EXERCISE DETAILS -> Your copy of the listing must be exact and must hold no images.

SUPPLIED RECORDS ->

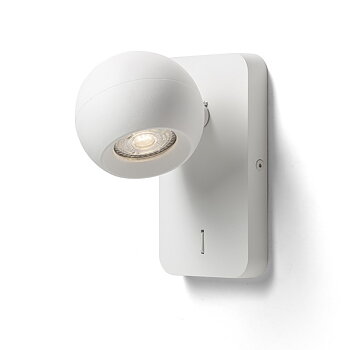 RENDL Siena vägg vit GU10 50W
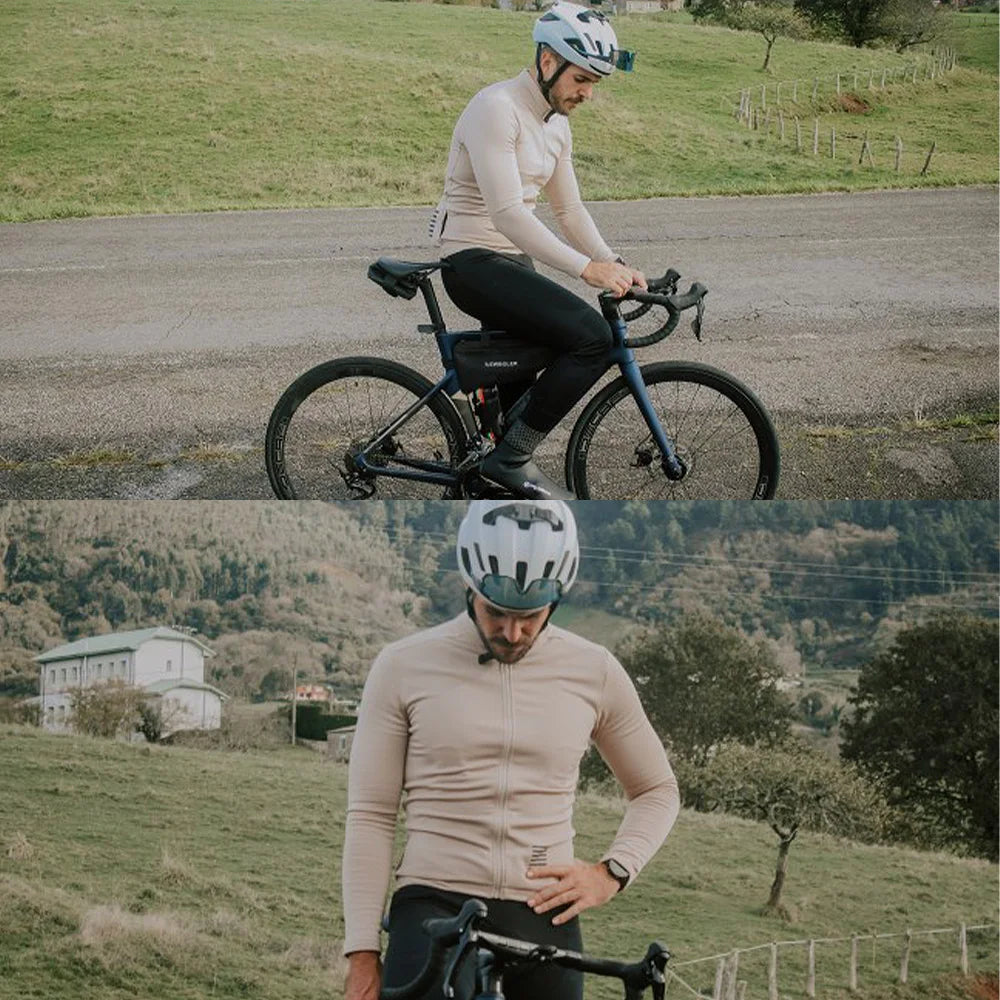 Winter Men's Apparel: YKYWBIKE Warm Long Sleeved, Thermal Fleece Lined Jacket For Winter And Autumn / Rungear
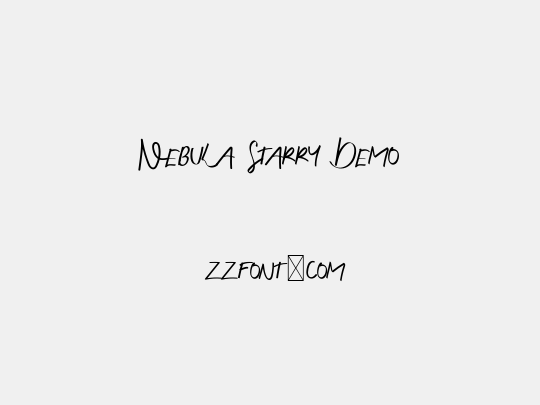 Nebula Starry Demo
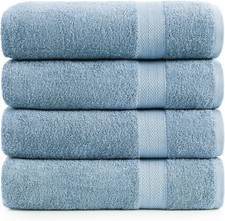 Towel Set Soft Absorbent Quick Dry 100 Cotton 4 Piece - Allure
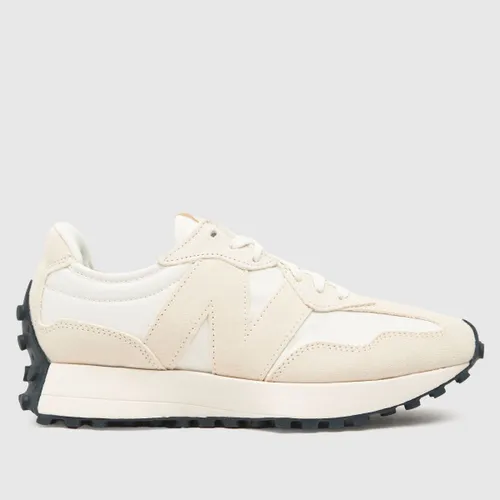New Balance 327 Trainers In White & Beige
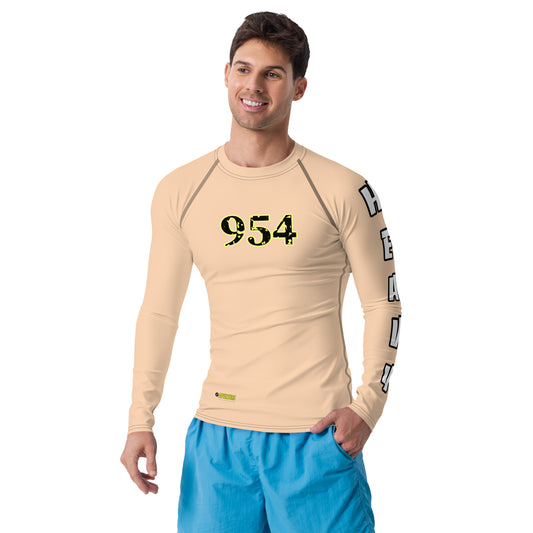 Sandy Beach 954 Signature Men's Rash Guard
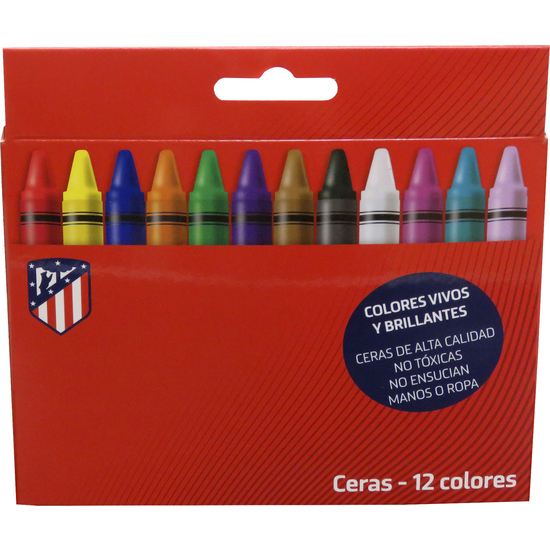 ATLÉTICO DE MADRID 12 CERAS DE COLORES image 0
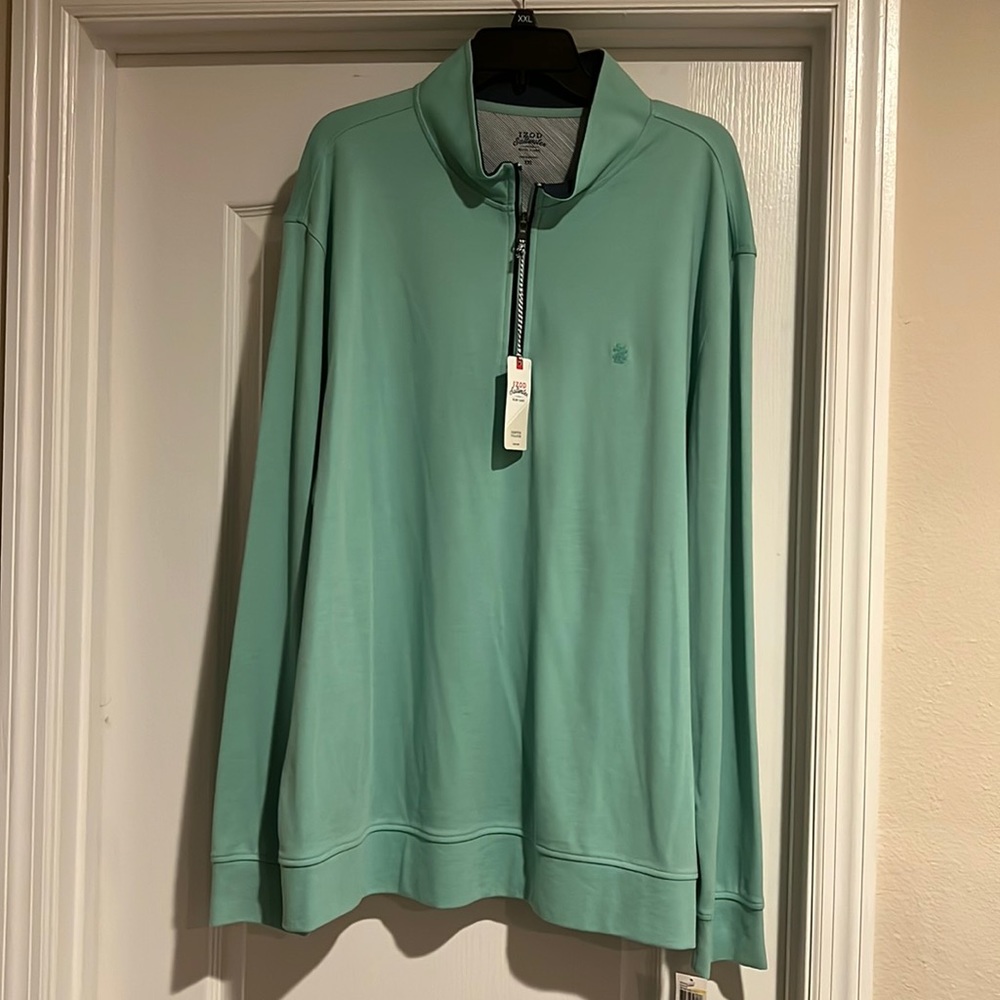 IZOD Saltwater Mint Green Pullover. XXL. Brand new with tags.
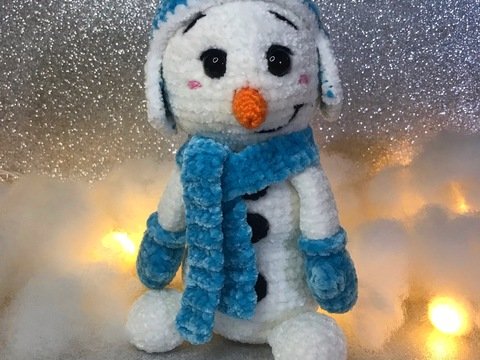 Häkelanleitung Schneemann Pippo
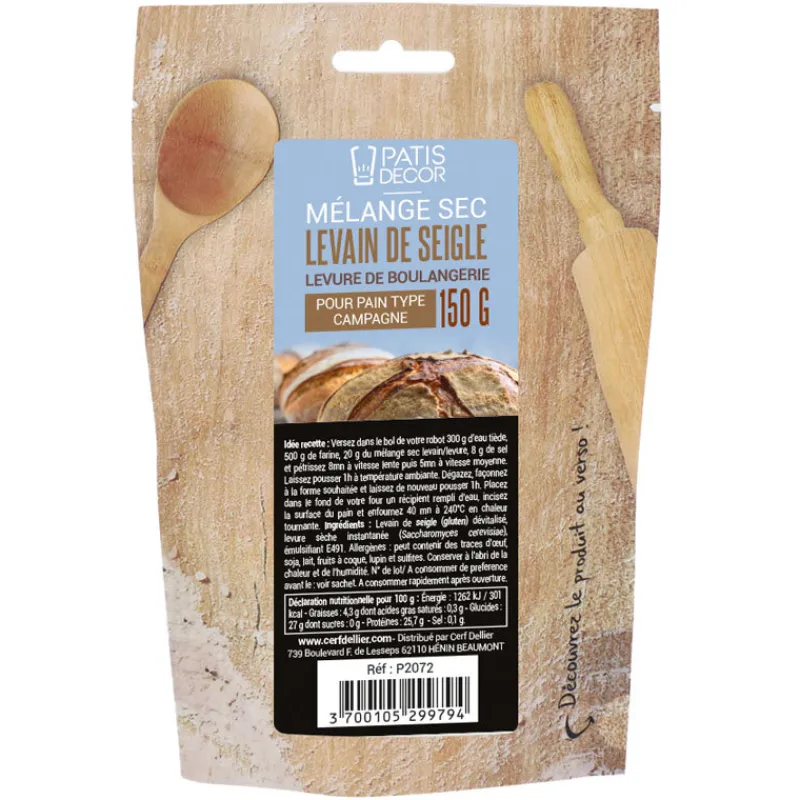 Cerf Dellier Levain de seigle 150 g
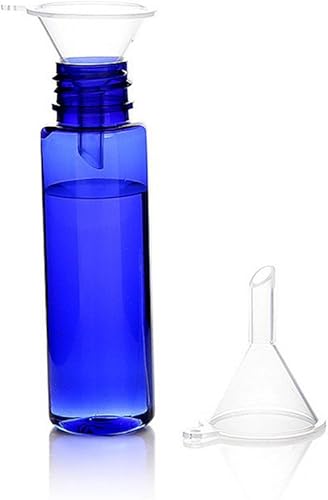 Miniatura 6 de 30 piezas Mini atomizador de botella de plástico de 0.07 onzas líquidas, botella de perfume recargable, botella de muestra vacía con 2 mini embudos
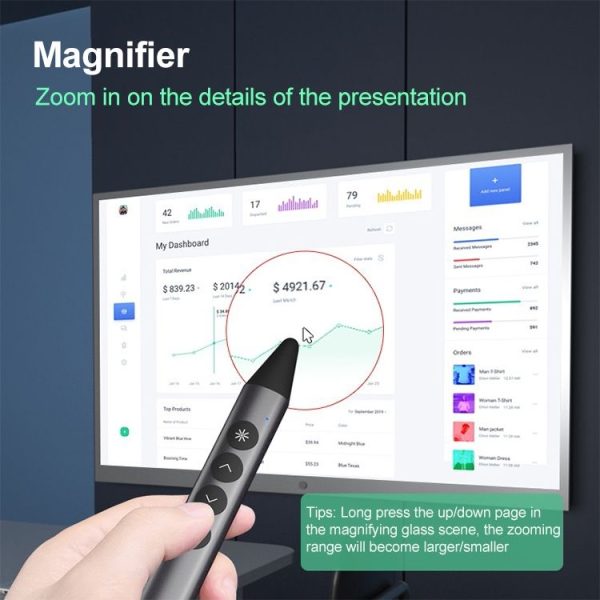 ASiNG A12 Digital Laser Touch Page Turning Pen Wireless Presenter - Image 5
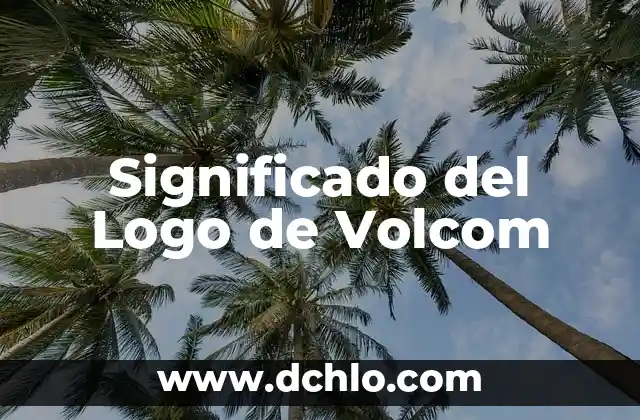 Significado del Municipio de Otumba 8 Significado del Logo de Volcom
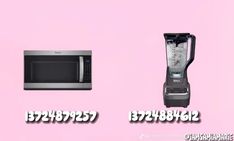 a blender, microwave and toaster on a pink background with the words dishwasher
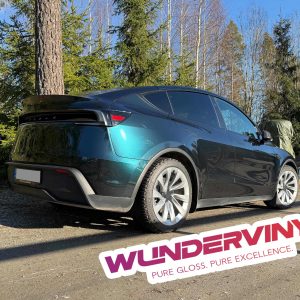 WunderVinyl Super Gloss+ Dark Racing Green LT — Tesla Model Y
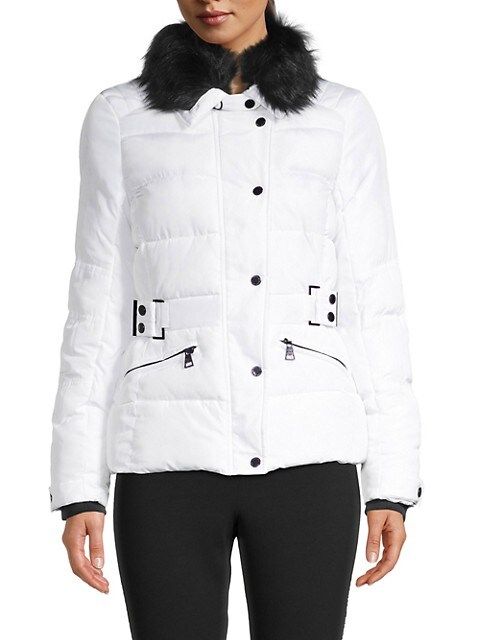 Karl Lagerfeld Paris Faux Fur-Collar Belted Jacket on SALE | Saks OFF 5TH | Saks Fifth Avenue OFF 5TH (Pmt risk)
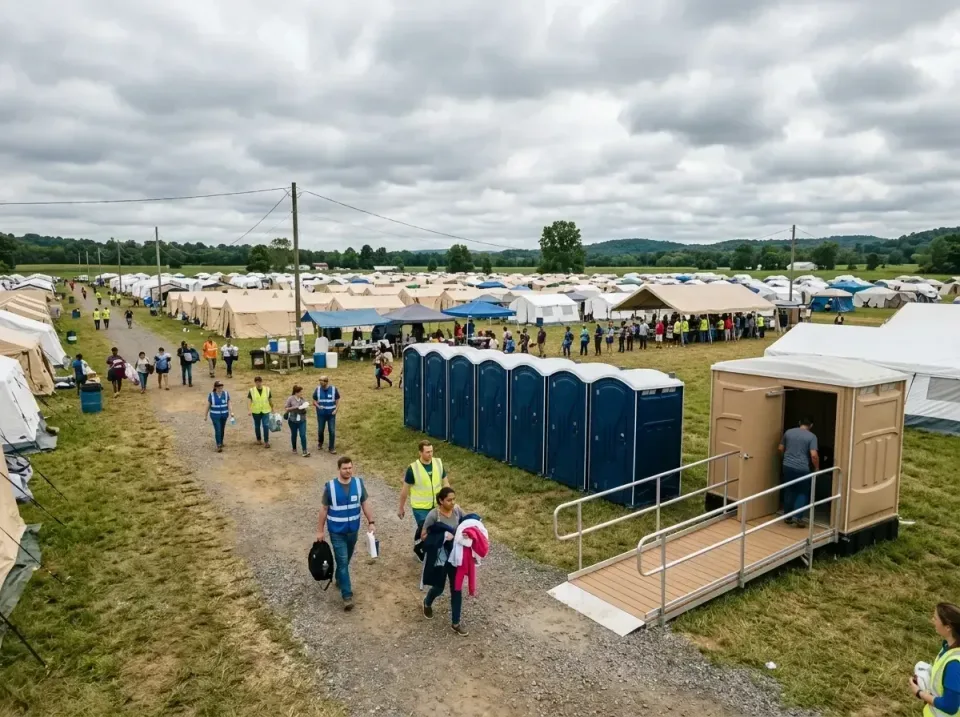 disaster-relief-camp-restrooms-010 — frequently asked questions, Dumpster & Portable Bathrooms Rental in Chinchilla, PA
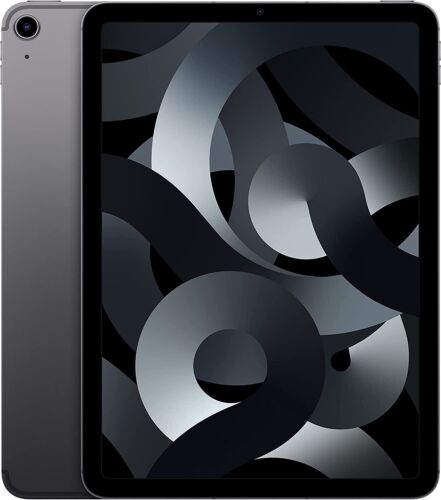 New ListingApple iPad Air 5th Gen. 64GB, Wi-Fi + 5G (Unlocked), 10.9in - Space Gray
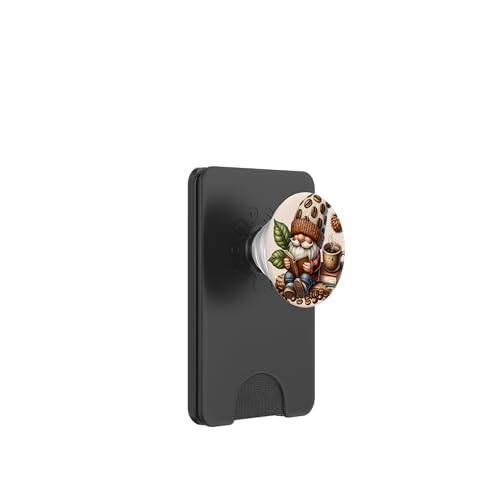 Coffee And Book Reading Accessories For Book Lovers Gnome PopSockets PopWallet für MagSafe von Funny Gnome Coffee Accessories & Book Lover Gifts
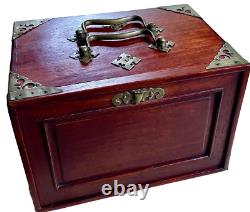 Ancien coffret début 20ème- jeu de MAH-JONG impérial Tuiles os bambou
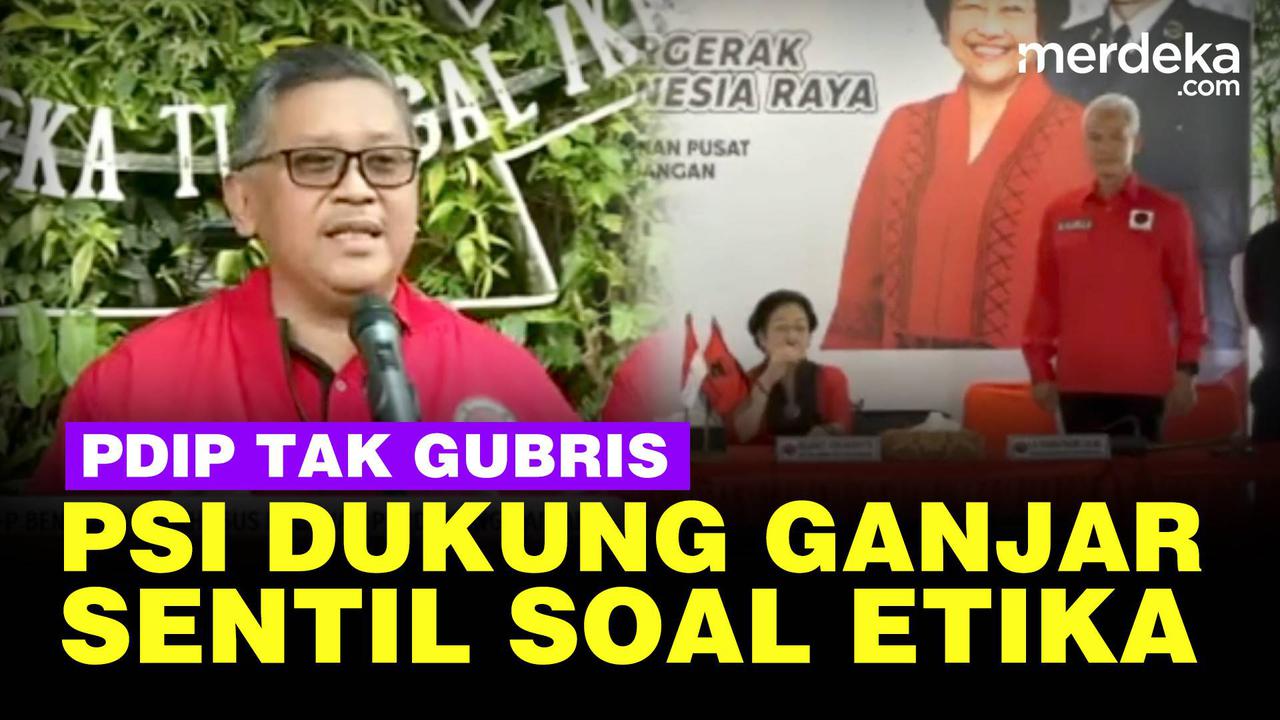 VIDEO: PDIP Tak Anggap Dukungan PSI ke Capres Ganjar, Disentil soal Etika Politik!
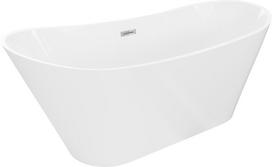 Mexen Dora Laisvai pastatoma vonia 160 x 75 cm, balta, chromuotas išsileidimas - 52071607500-01, 160 x 75 cm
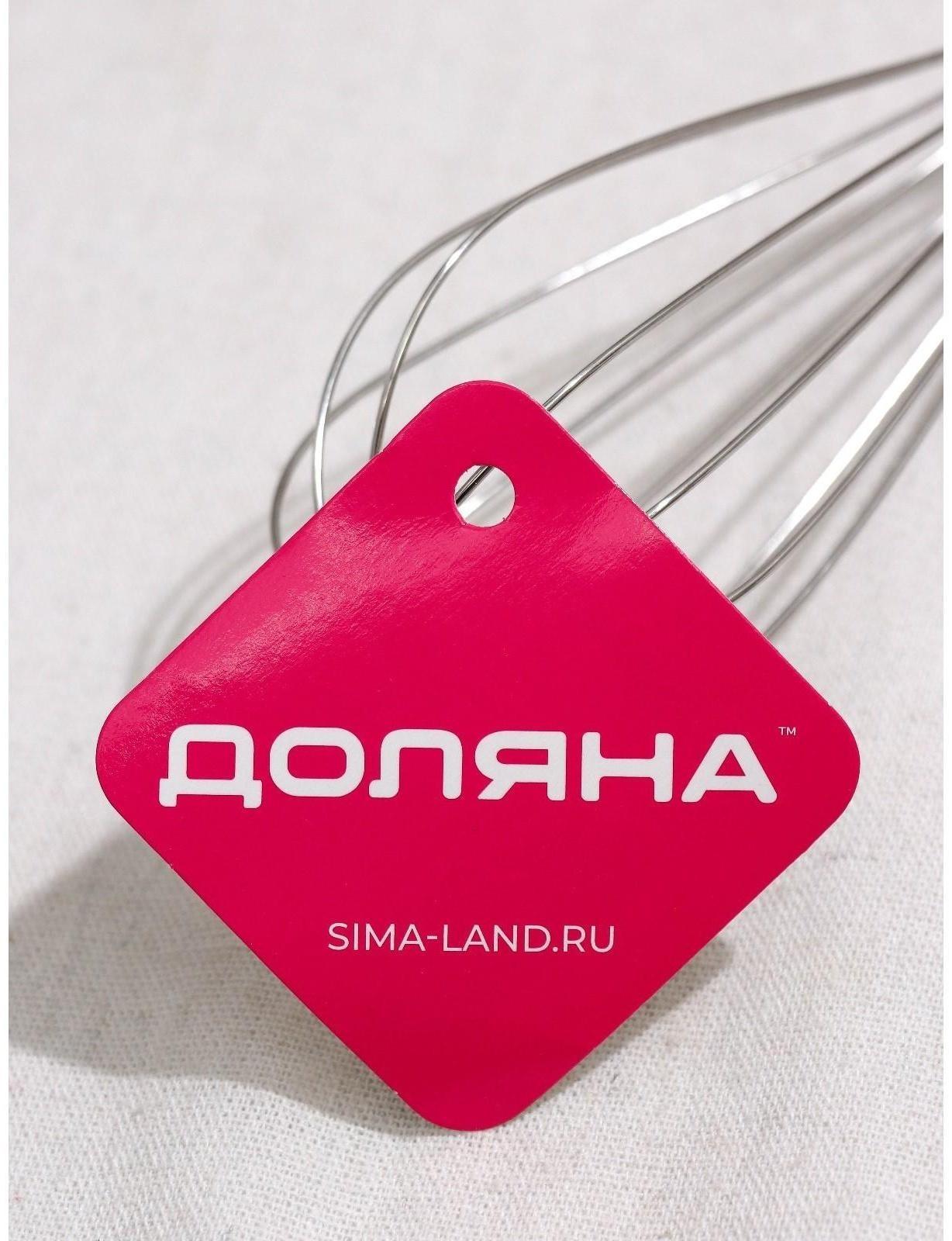 Венчик для взбивания Доляна «Галактика», 26 см, цвет МИКС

REPLY ->
 RENDL Siena vägg vit GU10 50W
 Winter Men's Apparel: YKYWBIKE Warm Long Sleeved, Thermal Fleece Lined Jacket For Winter And Autumn / Rungear
 Nebula Starry Demo
 Towel Set Soft Absorbent Quick Dry 100 Cotton 4 Piece - Allure
New Balance 327 Trainers In White & Beige
 Sandy Beach 954 Signature Men's Rash Guard
 ATLÉTICO DE MADRID 12 CERAS DE COLORES image 0
 IZOD Saltwater Mint Green Pullover. XXL. Brand new with tags.
 Häkelanleitung Schneemann Pippo
 Cerf Dellier Levain de seigle 150 g
 Miniatura 6 de 30 piezas Mini atomizador de botella de plástico de 0.07 onzas líquidas, botella de perfume recargable, botella de muestra vacía con 2 mini embudos
 ASiNG A12 Digital Laser Touch Page Turning Pen Wireless Presenter - Image 5
 Significado del Municipio de Otumba 8 Significado del Logo de Volcom
 a blender, microwave and toaster on a pink background with the words dishwasher
 WunderVinyl Super Gloss+ Dark Racing Green LT — Tesla Model Y
 Karl Lagerfeld Paris Faux Fur-Collar Belted Jacket on SALE | Saks OFF 5TH | Saks Fifth Avenue OFF 5TH (Pmt risk)
 disaster-relief-camp-restrooms-010 — frequently asked questions, Dumpster & Portable Bathrooms Rental in Chinchilla, PA
 New ListingApple iPad Air 5th Gen. 64GB, Wi-Fi + 5G (Unlocked), 10.9in - Space Gray
 Coffee And Book Reading Accessories For Book Lovers Gnome PopSockets PopWallet für MagSafe von Funny Gnome Coffee Accessories & Book Lover Gifts
 Ancien coffret début 20ème- jeu de MAH-JONG impérial Tuiles os bambou
 VIDEO: PDIP Tak Anggap Dukungan PSI ke Capres Ganjar, Disentil soal Etika Politik!
 Mexen Dora Laisvai pastatoma vonia 160 x 75 cm, balta, chromuotas išsileidimas - 52071607500-01, 160 x 75 cm
 Венчик для взбивания Доляна «Галактика», 26 см, цвет МИКС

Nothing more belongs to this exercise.